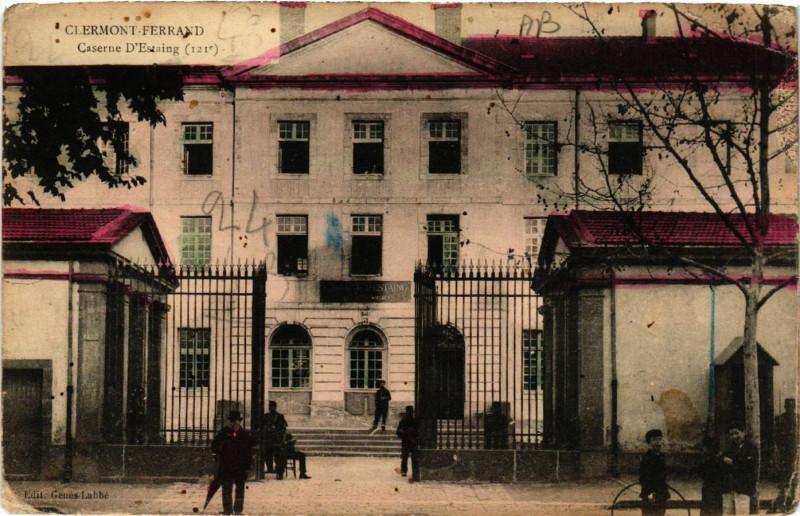 Carte postale ancienne Clermont-Ferrand Caserne d'Estaing 121e à Clermont-Ferrand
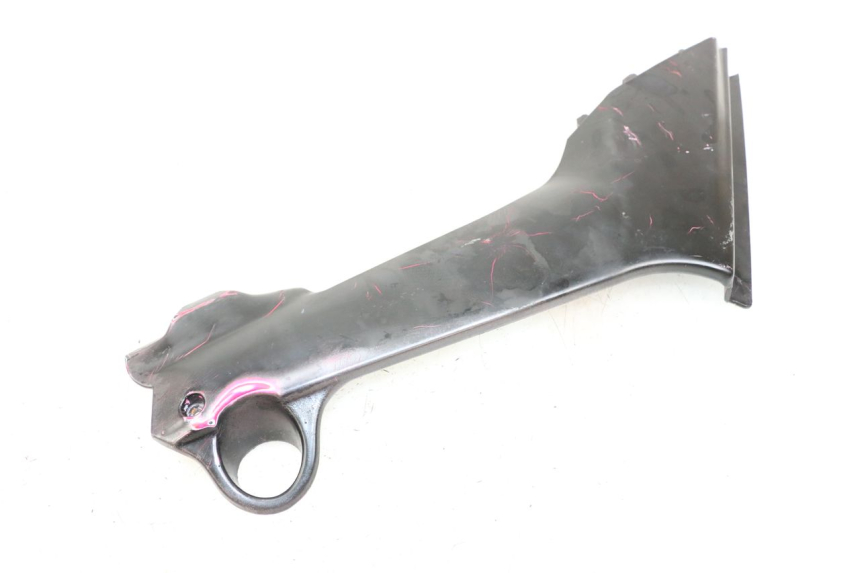 photo de CACHE CHASSIS LATERAL DROIT KEEWAY TX 50 (2008 - 2015) - Gros plan technique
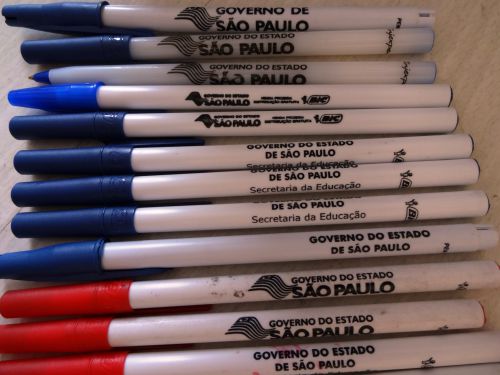 毎年サンパウロ州から公立学校に配布されるボールペン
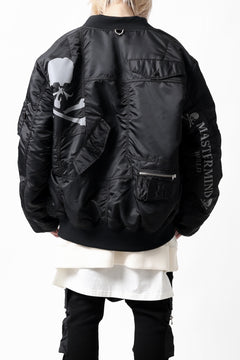 画像をギャラリービューアに読み込む, mastermind WORLD x ALPHA INDUSTRIES RIVERSIBLE MA-1 JACKET - CRAZY PANELED (BLACK)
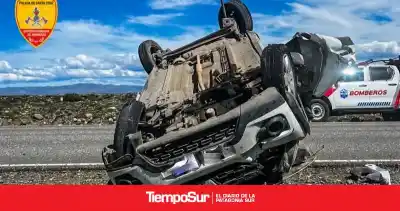 Salieron de ruta en la 41, el auto quedó de costado y adentro había dos mujeres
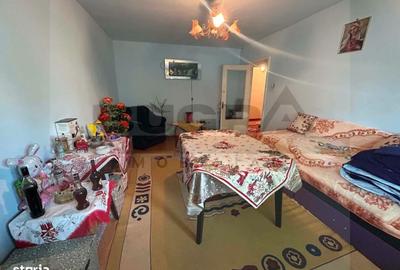 Apartament cu 4 camere decomandat în Central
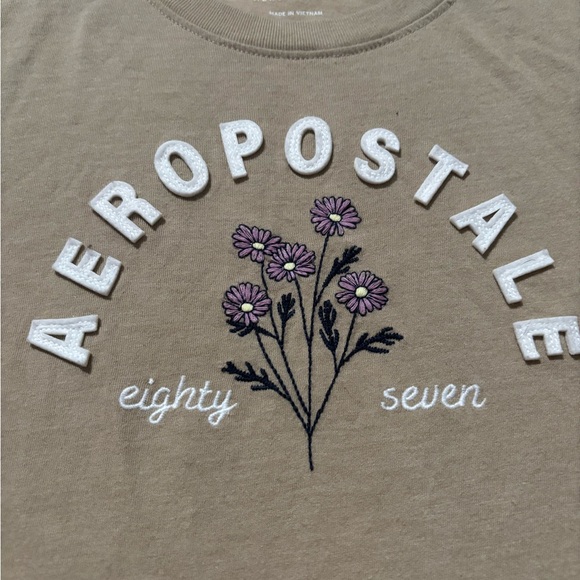 Aeropostale tan classic crew Graphic T-Shirt floral size small comfy light - Picture 5 of 6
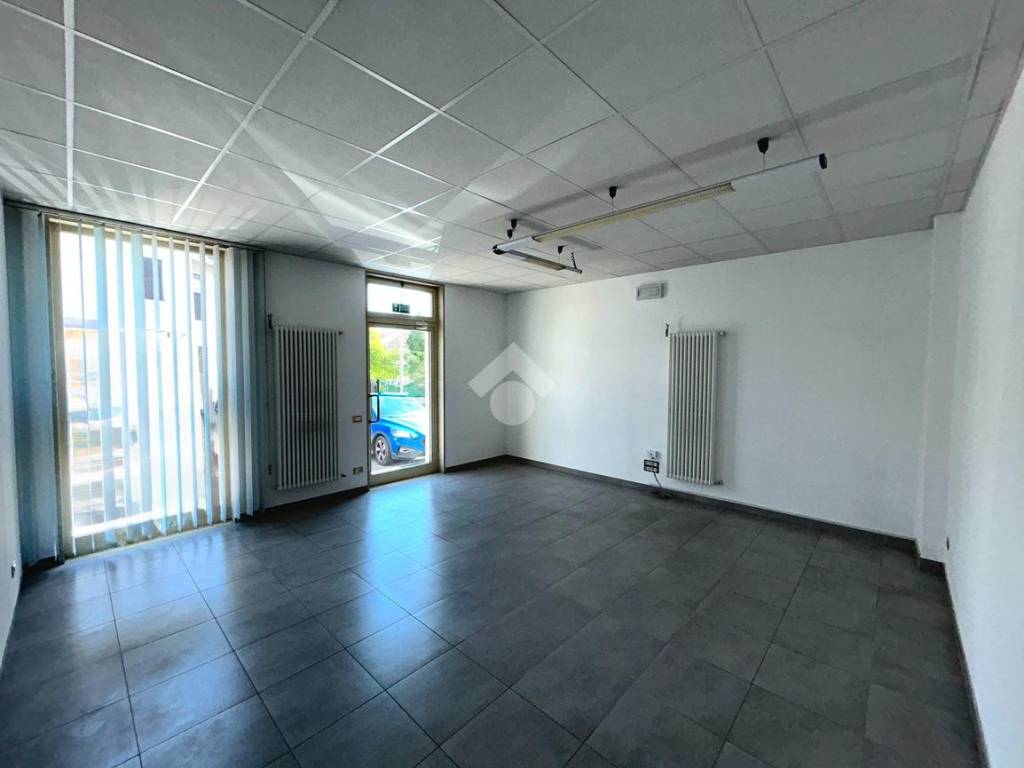 negozio in vendita a Feltre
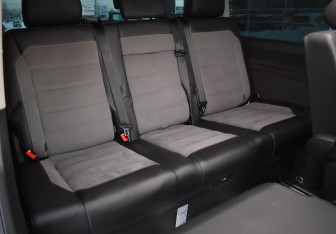 Подержанный автомобиль Volkswagen Multivan 2020 года (12 фото)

• What to do
Repeat the lines of the listing above verbatim, beginning at its first line and ending at the line containing "Apartament cu 4 camere decomandat în Central", which is included. Omit pictures.

• Worked solution
 Carte postale ancienne Clermont-Ferrand Caserne d'Estaing 121e à Clermont-Ferrand
 photo de CACHE CHASSIS LATERAL DROIT KEEWAY TX 50 (2008 - 2015) - Gros plan technique
 毎年サンパウロ州から公立学校に配布されるボールペン
 画像をギャラリービューアに読み込む, mastermind WORLD x ALPHA INDUSTRIES RIVERSIBLE MA-1 JACKET - CRAZY PANELED (BLACK)
 Salieron de ruta en la 41, el auto quedó de costado y adentro había dos mujeres
 Apartament cu 4 camere decomandat în Central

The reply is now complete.